Exhibit I-5 Transfer and Administration Agreement
131
In giving the opinions set forth in PARAGRAPHS 10 and 11, we have
assumed that all filings as appropriate in the event of a change in the name,
identity or corporate structure of the debtor (or the Originator or assignor)
named in any financing statements and all continuation statements necessary
under the UCC to maintain the perfection of the First Tier Security Interest and
the Second Tier Security Interest in the Pool Receivables and the proceeds
thereof will be duly and timely filed. In giving such opinions, we also do not
express any opinion as to (a) transactions excluded from Article 9 of the UCC by
virtue of Section 9-104 of the UCC, (b) any security interest in proceeds except
to the extent that the validity and perfection of any interest in proceeds (as
such term is defined under the UCC) thereof that is covered by the Originator
Financing Statements or the SPV Financing Statements or any duly filed financing
statement referred to above may be permitted by Section 9-306 of the UCC, and
(c) any security interest that is terminated or released.

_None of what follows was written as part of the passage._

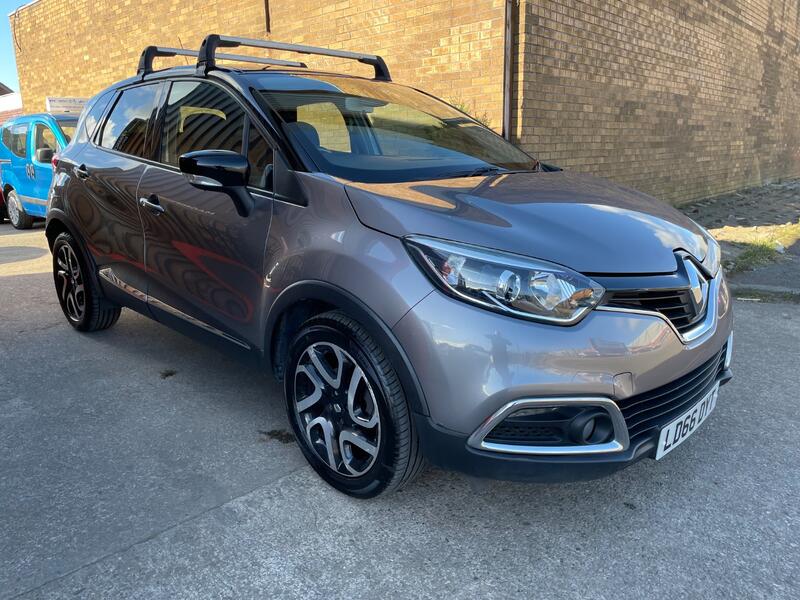 View RENAULT CAPTUR 1.5 Dynamique S Nav dCi 110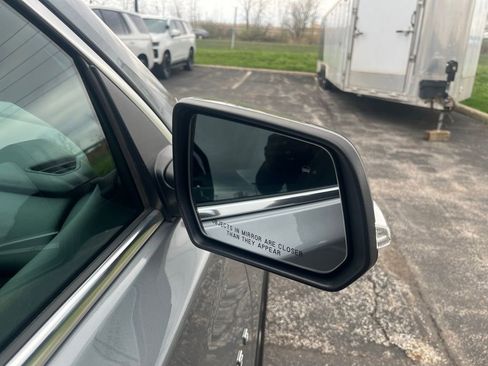 Used 2023 Chevrolet Traverse LT image 34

The foregoing opinions and conclusions were given only in respect of
the laws of Ohio, the State of New York, the Delaware Limited Liability Company
Act and, to the extent specifically referred to herein, the Federal laws of the
United States of America.
This opinion has been delivered at your request for the purposes
contemplated by the Agreement. Without our prior written consent, this opinion
is not to be utilized or quoted for any other purpose and no one other than you
is entitled to rely thereon; provided, that any Alternate Investor, any Program
Support Provider and any placement agent or dealer of the Conduit Investor's
commercial paper may rely on this opinion as of it were addressed to them.